It's the sort of detail that might bias a jury, more prejudicial than probative. 

But when it became clear on Wednesday that Jacquard's defense is that he didn't realize that sitting in his car in a parking lot, masturbating, with people nearby, was a crime, it opened the door for a prosecutor to present evidence of one prior incident, a Salem Superior Court judge ruled on Wednesday. 

Jacquard, 36, a Level 3 sex offender even before his most recent arrest, has a history of arrests and convictions for similar conduct in cars. He has also been charged but not convicted in at least two incidents on the campuses of Wellesley and Endicott colleges, in which he was allegedly peering into dorm rooms. 

The Melrose man was arrested for the most recent time in June 2020, after a Reading woman who had stopped at Lynnfield's Market Street shopping center to pick up lunch pulled into a space next to Jacquard's parked car and saw him masturbating. 
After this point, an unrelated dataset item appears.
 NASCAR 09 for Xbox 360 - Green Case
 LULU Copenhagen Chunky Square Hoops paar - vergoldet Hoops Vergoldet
The woman, Siobhan McManus, who had a 1-year-old in a child's car seat in the back of her Honda CRV, testified on Wednesday she was about 2 feet from Jacquard's car when she looked down and "saw his hand going up and down" in his basketball shorts. She then saw his exposed penis, she testified under questioning by prosecutor Lindsay Nasson.

McManus also noticed that he appeared to be staring at a group of girls standing near her vehicle. 

"Shocked and disgusted," she began taking video as she got out of her SUV and yelled at him to leave and that she was calling police. 

As Jacquard backed out, she was able to get a shot of his license plate, which is how Lynnfield police Officer Marco DePalma connected Jacquard to the incident. 

Jacquard was found and arrested two days later, in the parking lot of a Walmart in North Reading. On the seat beside him was a can of cooking spray, a paper towel, and a packet of beef jerky, North Reading Officer Greg Connolly testified. 

Defense lawyer Kristen Graves had already stipulated that her client was the man in the car at the Lynnfield shopping plaza on June 14, 2020. 

Her questions to McManus and DePalma focused on whether Jacquard had tried to get anyone's attention. 

With the jury out of the courtroom, Nasson told Judge Hélène Kazanjian she wants to call another witness, a retired Wakefield police officer who found Jacquard parked near Lake Quannapowitt in 2013.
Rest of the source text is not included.